Humans can gain flower power in their diet
Edible flowers are all the rage in the culinary world at the moment. They form an important part of the food revolution in baby leaves and micro greens. Chefs obviously love the way they look, adding them to sweet and savoury dishes, using them to decorate salads and garnishing main courses. At home, I have used elderflowers to make cordial, made capers using the seed of nasturtium and added wild garlic flowers to salads but that has been the sum of my edible flower experiences. As well as using them fresh they can be infused in oils and vinegars, distilled to make liquids like rosewater, crystallised for cake decorations, dried to make tisanes and used as natural food colourings. They can be eaten before the main crop of a vegetable is ready as in the case of peas and courgettes; they provide nectar resources for pollinators and act as partners in companion planting. These floral gems in our gardens are a diverse food group that are often overlooked. Certainly, the use of edible flowers in our cooking is not a new concept. They have been used for millennia. For instance, saffron was used in ancient Egypt and Greece and during Roman times flowers of thyme and mustard were commonly eaten.

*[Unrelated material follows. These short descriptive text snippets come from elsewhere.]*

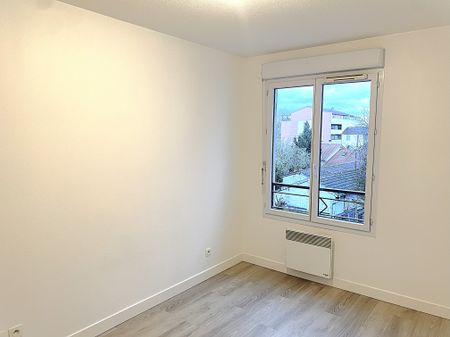Location Appartement 2 pièces 43m² VILLEFRANCHE SUR SAONE 69400 - Photo 4
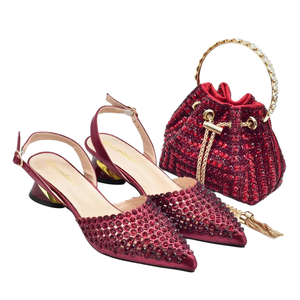 Chaussures de mariée florales grande taille pour femmes, à bout pointu avec strass, à enfiler, et ensemble sac à main seau assorti - Product Image 1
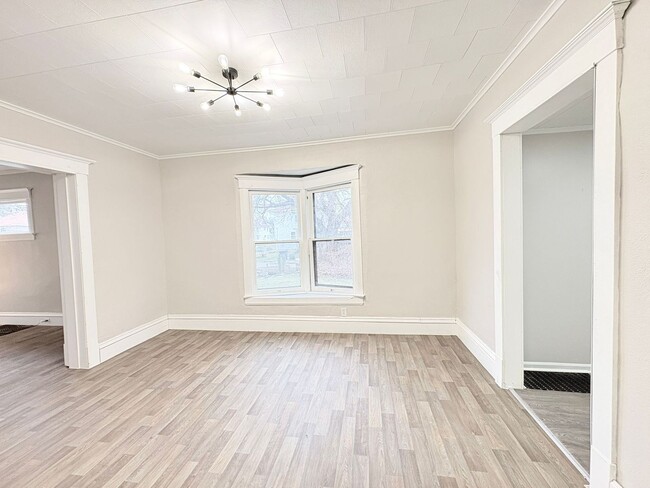 Building Photo - 119 Winthrop St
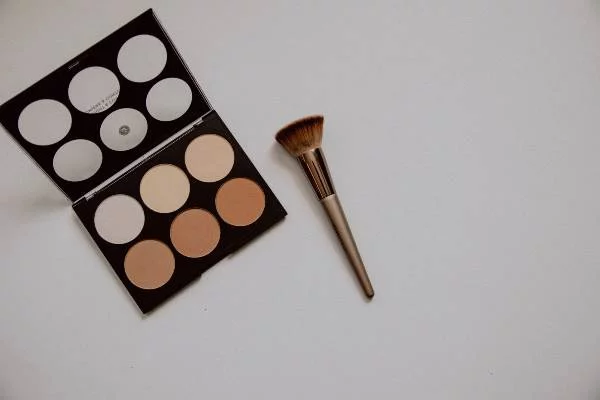 contour and highlight palette for face contouring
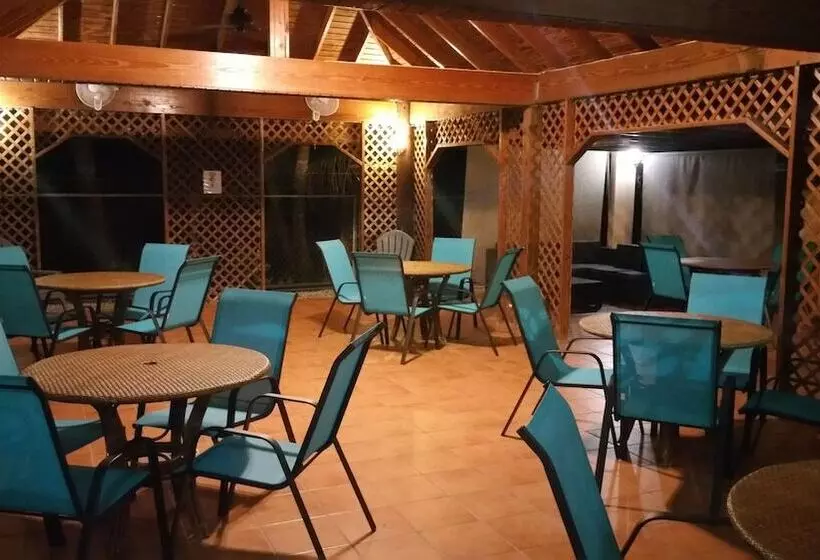 هتل Combate Beach Resort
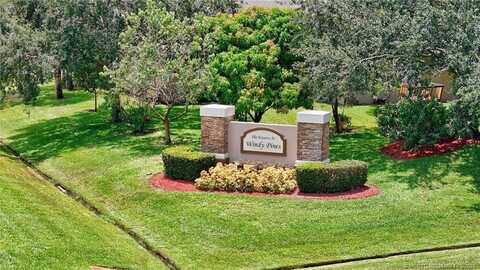5842 NW Windy Pines Lane, Port Saint Lucie, FL 34986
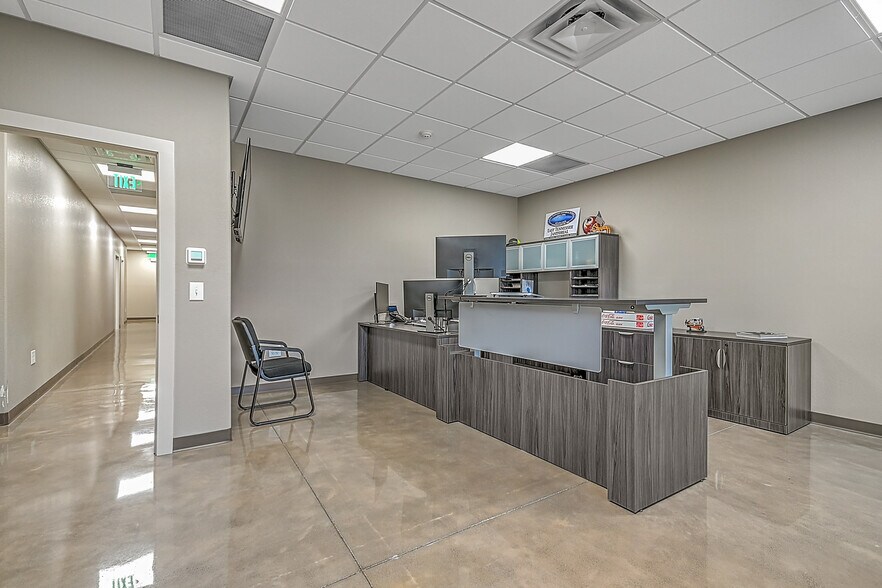 More Photos Of 317 Bluff City Hwy, Bristol Flex For Sale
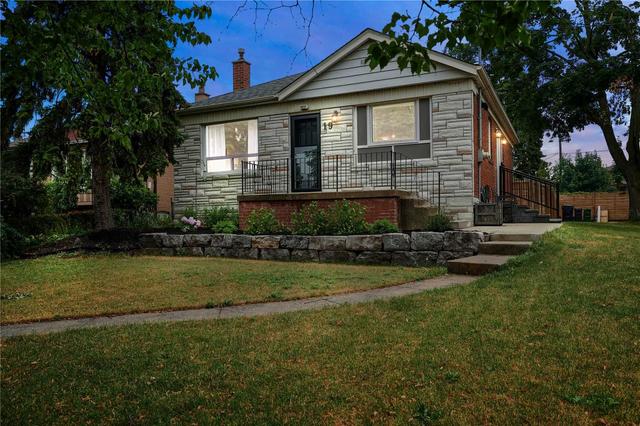 19 Fairweather Rd, House detached with 2 bedrooms, 3 bathrooms and 4 parking in Toronto ON | Card Image
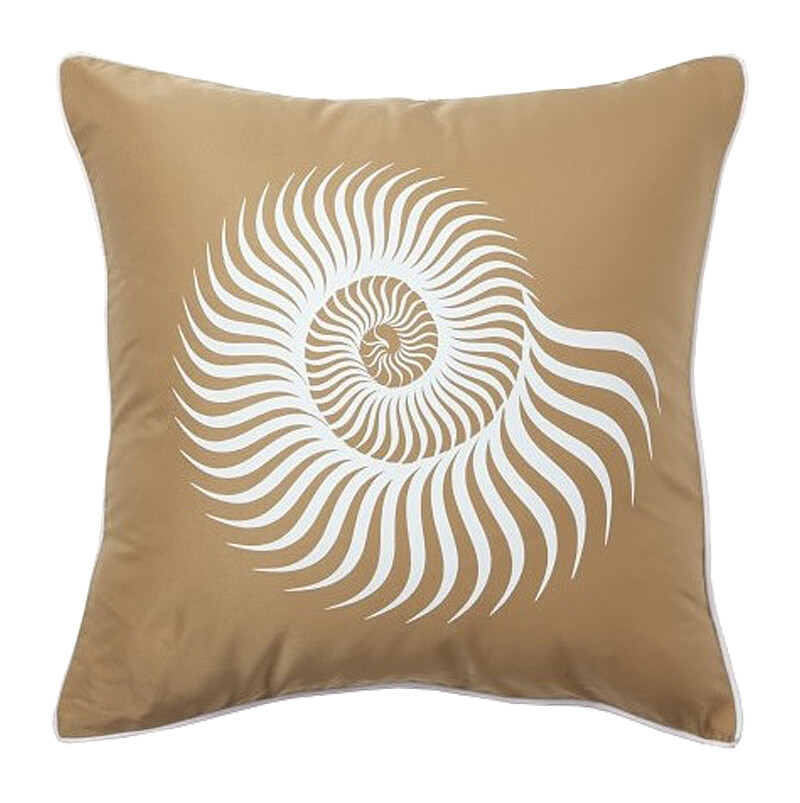 Подушка с рисунком морской раковины Sea Shell Mustard
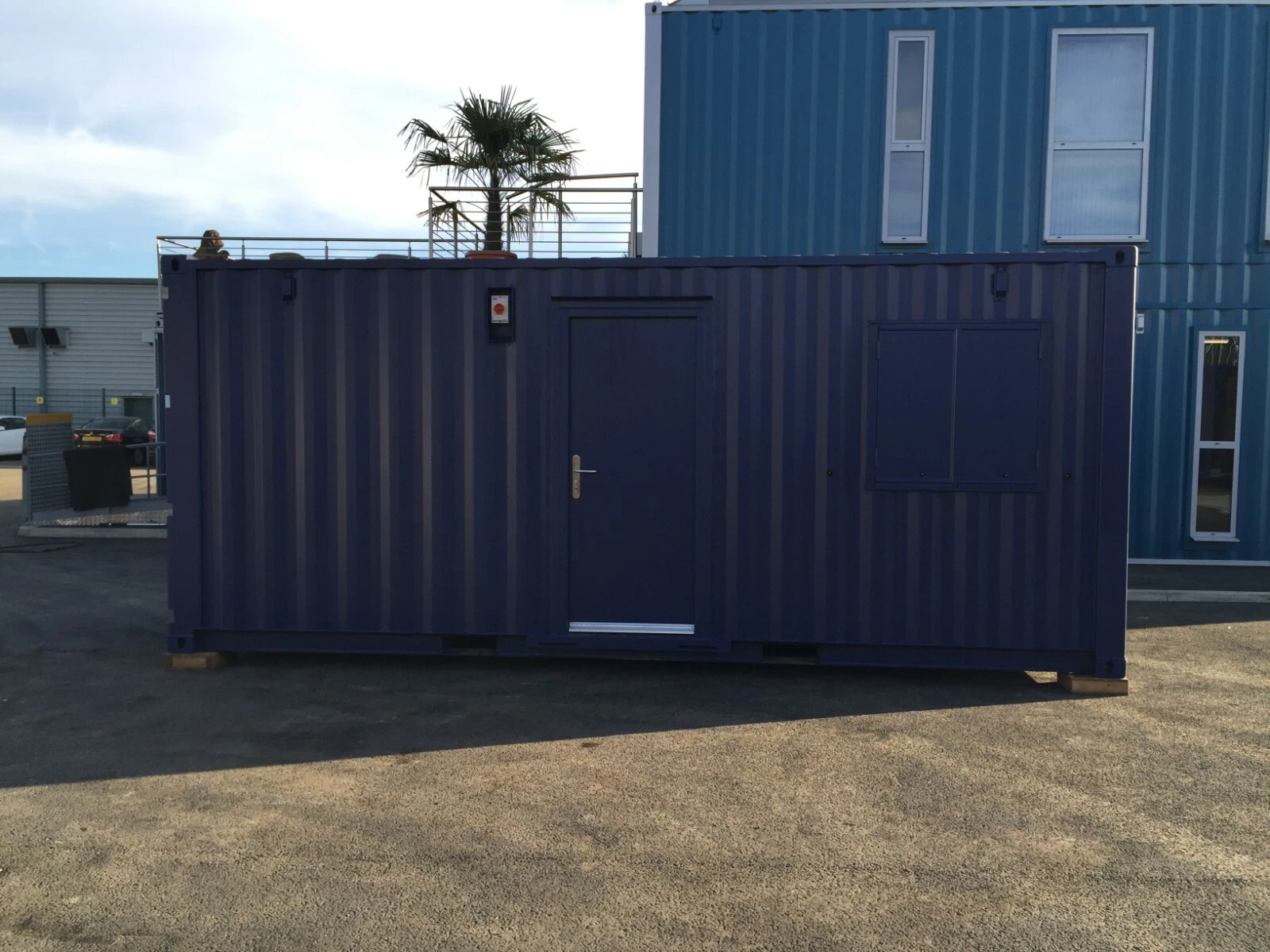 20ft x 8ft Portable Office Site Cabin Container – Modular Workspace Solution - Image 4
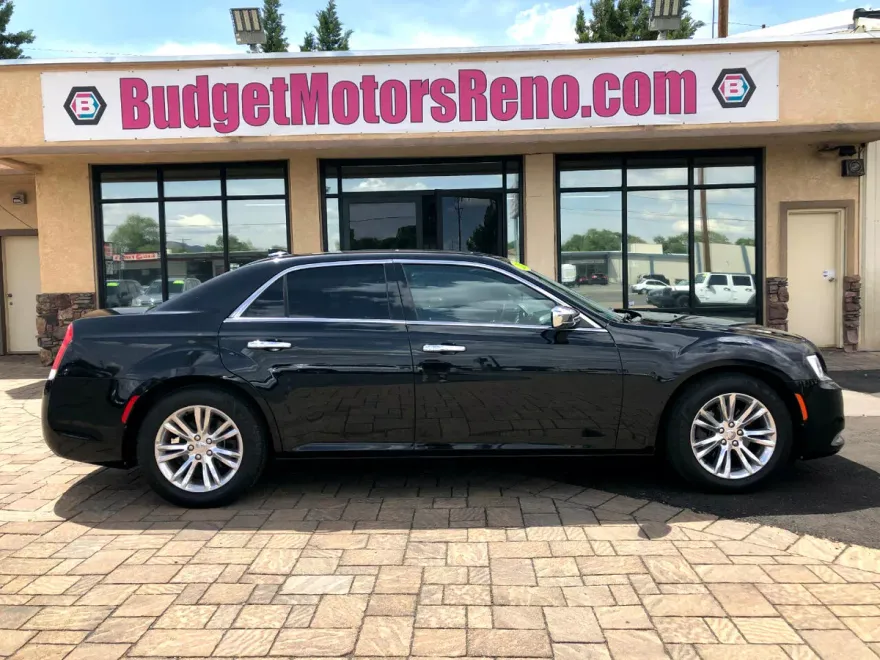 2017 Chrysler 300 C photo 1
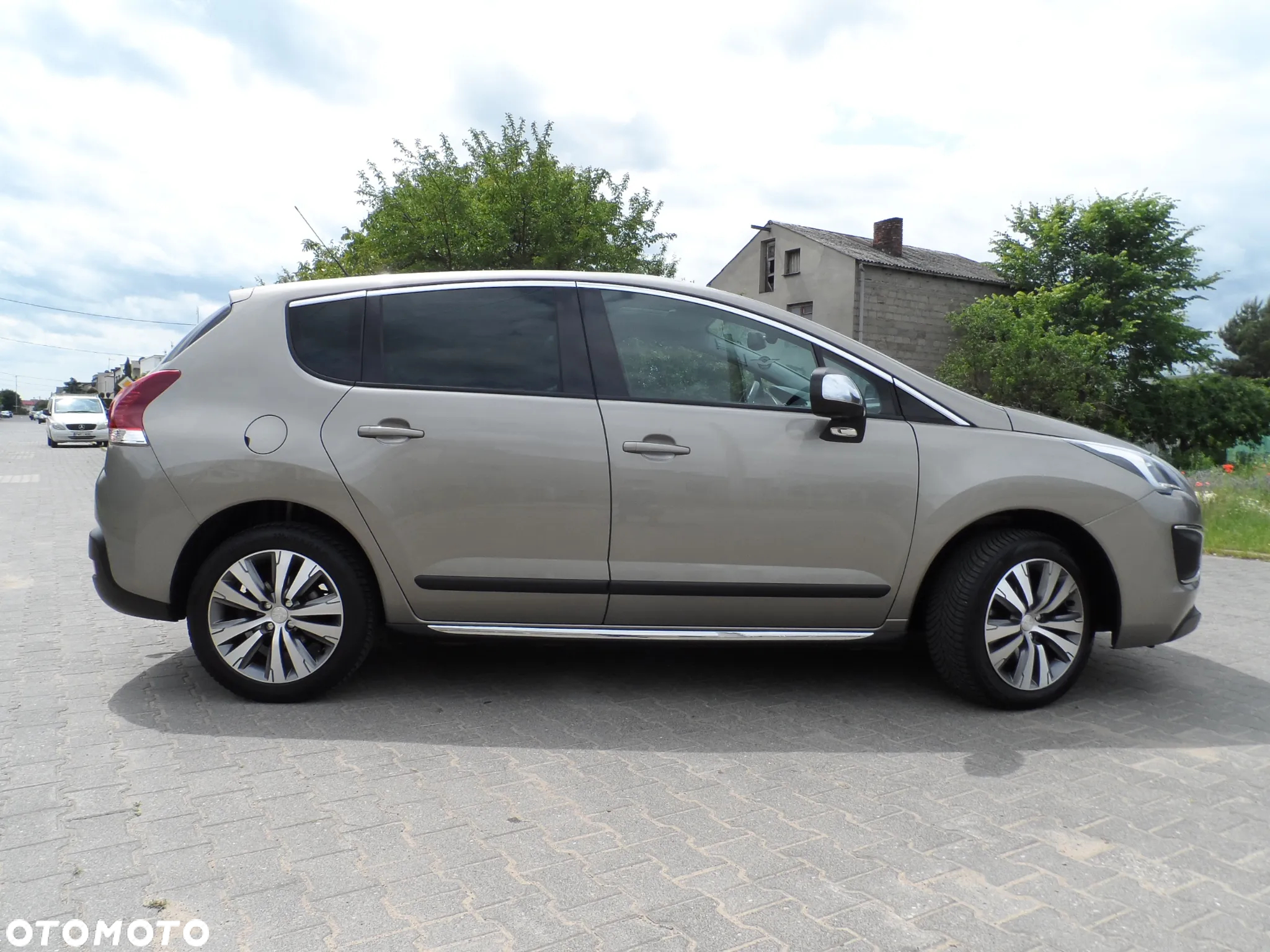 Peugeot 3008 - 3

But that’s not all. Edible flowers have high levels of phenolic compounds and antioxidant capacity according to a paper in the Journal of Food Science published by the Institute of Food Technologists. The research team examined 10 different edible flowers commonly used in China and found that the total phenolic content (TPC) was strongly linked to the antioxidant activity of the edible flower species investigated. The work highlighted the importance of the potential use of edible flowers as a source of phytochemicals assisting in health promotion and prevention of chronic disease such as certain cancers and heart disease. Phenolics are a highly diverse group of chemicals produced by plants and are used by plants in a number of different ways from plant development and physiology, interaction with their environment, reproductive strategy and defence mechanisms. Phenolics are able to act as powerful antioxidants, ‘mopping’ up harmful free radicals and preventing damage to DNA, lipids and proteins. Although the researchers identified that flowers contained high levels of phenolics, future research assessing the potential health benefits of edible flowers is needed to ascertain their anti-inflammatory abilities.
Across the country many of us are assembling our packets of vegetable seed to plant in garden plots this spring, but we should consider not only growing roots, shoots and leaves but some edible flowers as well. They look beautiful both in the garden and on a dinner plate, provide food for pollinators but may also help to keep us healthy too.
Lina Xiong, Jiajia Yang, Yirong Jiang, Baiyi Lu, Yinzhou Hu, Fei Zhou, Shuqin Mao, & Canxi Shen (2014). Phenolic Compounds and Antioxidant Capacities of 10 Common Edible Flowers from China. Journal of Food Science. 79(4): 517-525.